### Exercise details
Quote the records below word for word, please, from the very first line through the one that contains "Restaurant A L'ange Climbach", and nothing beyond it.

### Supplied material

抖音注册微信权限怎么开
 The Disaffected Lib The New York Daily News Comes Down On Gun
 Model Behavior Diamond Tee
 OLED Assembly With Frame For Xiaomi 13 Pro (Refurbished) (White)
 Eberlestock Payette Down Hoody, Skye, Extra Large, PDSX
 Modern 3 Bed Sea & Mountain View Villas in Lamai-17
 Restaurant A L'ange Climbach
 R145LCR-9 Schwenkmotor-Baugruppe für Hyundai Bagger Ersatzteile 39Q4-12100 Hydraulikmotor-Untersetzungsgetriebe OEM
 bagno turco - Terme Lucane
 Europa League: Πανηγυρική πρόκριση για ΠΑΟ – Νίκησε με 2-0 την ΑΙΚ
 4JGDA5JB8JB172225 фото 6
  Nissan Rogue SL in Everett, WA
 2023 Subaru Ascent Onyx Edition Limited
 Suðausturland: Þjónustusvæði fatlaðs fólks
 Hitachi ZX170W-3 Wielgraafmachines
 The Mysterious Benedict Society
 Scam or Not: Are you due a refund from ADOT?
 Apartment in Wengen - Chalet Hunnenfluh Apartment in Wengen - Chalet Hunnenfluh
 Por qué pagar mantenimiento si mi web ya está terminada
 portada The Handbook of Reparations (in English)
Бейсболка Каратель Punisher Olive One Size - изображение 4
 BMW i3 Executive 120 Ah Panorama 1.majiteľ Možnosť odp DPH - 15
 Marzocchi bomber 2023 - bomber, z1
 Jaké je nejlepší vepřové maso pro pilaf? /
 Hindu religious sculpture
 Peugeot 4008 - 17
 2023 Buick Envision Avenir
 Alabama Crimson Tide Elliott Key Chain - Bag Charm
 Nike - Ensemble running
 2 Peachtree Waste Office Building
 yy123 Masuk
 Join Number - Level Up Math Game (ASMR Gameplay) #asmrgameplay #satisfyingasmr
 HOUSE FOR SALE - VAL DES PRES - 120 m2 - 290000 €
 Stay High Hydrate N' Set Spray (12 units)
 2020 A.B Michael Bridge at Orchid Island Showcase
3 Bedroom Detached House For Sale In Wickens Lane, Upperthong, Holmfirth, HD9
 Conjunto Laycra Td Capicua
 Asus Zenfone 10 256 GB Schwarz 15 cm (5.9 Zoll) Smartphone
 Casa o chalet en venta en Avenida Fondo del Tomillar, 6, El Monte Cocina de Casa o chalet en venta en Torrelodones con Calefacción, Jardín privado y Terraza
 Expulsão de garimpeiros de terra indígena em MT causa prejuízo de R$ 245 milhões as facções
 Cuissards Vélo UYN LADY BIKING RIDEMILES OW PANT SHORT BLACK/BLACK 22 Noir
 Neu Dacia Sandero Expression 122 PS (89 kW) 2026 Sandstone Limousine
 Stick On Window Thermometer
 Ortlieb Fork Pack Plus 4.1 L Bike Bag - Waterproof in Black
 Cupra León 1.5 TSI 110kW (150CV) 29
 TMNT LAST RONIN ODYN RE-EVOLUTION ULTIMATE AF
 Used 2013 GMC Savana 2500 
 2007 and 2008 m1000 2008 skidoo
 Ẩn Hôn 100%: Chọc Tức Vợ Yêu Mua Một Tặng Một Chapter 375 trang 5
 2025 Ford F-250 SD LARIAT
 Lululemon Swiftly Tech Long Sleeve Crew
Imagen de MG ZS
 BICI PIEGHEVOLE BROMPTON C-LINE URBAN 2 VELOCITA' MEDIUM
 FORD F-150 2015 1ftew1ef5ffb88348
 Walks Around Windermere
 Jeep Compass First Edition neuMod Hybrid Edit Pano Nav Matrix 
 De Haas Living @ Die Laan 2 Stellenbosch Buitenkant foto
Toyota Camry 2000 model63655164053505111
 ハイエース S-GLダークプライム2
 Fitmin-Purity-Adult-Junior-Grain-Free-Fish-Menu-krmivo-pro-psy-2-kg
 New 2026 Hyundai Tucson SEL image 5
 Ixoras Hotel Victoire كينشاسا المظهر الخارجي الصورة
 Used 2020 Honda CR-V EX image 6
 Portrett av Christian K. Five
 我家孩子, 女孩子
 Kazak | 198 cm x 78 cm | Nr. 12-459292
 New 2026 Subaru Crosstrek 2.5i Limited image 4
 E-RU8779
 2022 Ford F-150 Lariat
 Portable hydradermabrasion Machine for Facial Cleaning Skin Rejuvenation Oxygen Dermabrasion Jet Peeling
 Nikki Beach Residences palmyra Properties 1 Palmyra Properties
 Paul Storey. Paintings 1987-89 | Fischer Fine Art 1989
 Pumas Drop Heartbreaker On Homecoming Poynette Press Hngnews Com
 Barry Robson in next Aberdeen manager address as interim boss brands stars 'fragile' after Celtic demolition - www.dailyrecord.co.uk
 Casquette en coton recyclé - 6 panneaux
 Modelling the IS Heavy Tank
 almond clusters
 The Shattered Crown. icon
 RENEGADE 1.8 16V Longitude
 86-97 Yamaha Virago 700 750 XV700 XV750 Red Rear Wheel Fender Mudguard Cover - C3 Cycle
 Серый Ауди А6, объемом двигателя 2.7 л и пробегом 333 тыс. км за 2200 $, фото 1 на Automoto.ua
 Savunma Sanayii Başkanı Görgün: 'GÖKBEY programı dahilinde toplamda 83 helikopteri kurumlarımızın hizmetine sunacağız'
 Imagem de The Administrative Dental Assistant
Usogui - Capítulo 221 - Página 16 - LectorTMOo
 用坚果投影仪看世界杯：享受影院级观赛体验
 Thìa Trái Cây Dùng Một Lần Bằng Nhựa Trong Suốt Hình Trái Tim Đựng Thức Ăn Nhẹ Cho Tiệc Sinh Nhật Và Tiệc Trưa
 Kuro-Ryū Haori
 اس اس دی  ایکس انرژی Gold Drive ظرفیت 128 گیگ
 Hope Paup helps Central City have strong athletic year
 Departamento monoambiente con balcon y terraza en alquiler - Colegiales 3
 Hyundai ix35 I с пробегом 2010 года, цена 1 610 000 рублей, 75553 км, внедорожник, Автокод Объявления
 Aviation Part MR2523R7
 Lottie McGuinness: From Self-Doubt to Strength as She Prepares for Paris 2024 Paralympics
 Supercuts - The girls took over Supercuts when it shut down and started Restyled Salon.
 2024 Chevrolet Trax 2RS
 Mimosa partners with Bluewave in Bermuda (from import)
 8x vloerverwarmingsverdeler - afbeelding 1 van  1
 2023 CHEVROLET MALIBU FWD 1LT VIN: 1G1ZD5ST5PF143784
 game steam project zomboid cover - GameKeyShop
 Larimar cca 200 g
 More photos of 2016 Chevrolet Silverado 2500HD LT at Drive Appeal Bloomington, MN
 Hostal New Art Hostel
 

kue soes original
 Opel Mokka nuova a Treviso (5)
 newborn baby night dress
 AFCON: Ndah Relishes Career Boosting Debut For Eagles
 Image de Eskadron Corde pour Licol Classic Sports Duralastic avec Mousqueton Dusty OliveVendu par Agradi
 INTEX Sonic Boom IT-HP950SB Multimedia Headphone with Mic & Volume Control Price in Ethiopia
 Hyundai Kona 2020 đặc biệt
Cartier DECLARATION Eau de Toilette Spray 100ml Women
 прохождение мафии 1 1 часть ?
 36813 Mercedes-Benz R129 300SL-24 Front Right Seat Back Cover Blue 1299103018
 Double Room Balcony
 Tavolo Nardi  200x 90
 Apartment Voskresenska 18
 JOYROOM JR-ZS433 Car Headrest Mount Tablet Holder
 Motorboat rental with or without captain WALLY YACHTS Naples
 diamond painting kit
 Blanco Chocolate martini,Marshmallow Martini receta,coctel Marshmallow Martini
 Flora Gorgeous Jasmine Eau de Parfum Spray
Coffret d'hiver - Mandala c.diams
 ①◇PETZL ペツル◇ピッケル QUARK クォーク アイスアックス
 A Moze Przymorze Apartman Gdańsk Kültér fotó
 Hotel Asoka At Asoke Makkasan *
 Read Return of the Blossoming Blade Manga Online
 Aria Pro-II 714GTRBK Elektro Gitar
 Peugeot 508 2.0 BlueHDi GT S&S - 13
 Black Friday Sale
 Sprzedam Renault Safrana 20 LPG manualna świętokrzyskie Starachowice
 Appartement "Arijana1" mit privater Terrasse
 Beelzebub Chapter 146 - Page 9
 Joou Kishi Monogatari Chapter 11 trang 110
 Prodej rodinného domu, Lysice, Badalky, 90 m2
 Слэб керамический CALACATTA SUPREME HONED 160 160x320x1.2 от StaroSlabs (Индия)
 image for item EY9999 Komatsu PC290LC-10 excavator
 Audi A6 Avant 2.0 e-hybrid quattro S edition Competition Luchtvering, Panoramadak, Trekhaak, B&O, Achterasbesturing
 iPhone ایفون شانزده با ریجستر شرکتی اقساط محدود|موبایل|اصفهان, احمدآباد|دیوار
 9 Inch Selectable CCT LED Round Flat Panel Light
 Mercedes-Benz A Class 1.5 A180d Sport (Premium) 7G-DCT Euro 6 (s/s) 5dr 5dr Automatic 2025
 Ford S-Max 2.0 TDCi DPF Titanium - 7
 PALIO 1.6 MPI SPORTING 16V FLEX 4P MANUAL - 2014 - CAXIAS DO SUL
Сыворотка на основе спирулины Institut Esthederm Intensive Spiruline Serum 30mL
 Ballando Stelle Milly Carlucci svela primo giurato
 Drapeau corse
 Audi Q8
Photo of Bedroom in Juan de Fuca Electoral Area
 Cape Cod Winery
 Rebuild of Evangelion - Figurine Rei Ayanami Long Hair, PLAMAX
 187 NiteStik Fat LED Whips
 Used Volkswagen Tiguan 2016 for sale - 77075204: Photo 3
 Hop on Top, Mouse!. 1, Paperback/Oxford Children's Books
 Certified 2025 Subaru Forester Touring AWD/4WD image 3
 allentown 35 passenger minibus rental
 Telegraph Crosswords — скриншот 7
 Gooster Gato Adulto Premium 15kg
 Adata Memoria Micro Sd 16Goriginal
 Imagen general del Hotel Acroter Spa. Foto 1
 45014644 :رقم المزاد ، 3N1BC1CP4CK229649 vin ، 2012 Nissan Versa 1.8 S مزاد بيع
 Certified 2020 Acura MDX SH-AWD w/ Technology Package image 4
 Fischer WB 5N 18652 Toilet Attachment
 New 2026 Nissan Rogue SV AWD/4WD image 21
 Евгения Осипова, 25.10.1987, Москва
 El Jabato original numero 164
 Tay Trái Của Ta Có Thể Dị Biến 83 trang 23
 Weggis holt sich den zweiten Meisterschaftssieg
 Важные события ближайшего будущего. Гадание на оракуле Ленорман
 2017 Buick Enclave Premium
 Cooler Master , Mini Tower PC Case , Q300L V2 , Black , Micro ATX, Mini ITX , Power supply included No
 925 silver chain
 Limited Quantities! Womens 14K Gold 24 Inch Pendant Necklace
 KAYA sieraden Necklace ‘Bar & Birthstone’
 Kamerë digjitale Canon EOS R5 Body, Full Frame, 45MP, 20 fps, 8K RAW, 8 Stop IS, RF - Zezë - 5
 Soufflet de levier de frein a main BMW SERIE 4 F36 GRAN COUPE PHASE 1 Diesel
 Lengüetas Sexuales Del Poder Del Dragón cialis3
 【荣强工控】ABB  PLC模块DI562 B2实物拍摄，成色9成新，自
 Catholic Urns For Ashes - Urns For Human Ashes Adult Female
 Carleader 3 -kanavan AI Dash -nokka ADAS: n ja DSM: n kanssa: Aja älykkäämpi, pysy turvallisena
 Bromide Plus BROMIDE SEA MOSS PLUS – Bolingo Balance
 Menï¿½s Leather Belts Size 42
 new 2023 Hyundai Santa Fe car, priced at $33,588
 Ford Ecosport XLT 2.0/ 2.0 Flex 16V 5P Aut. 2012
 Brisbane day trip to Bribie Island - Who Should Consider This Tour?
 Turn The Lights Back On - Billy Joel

### Exercise answer
抖音注册微信权限怎么开
 The Disaffected Lib The New York Daily News Comes Down On Gun
 Model Behavior Diamond Tee
 OLED Assembly With Frame For Xiaomi 13 Pro (Refurbished) (White)
 Eberlestock Payette Down Hoody, Skye, Extra Large, PDSX
 Modern 3 Bed Sea & Mountain View Villas in Lamai-17
 Restaurant A L'ange Climbach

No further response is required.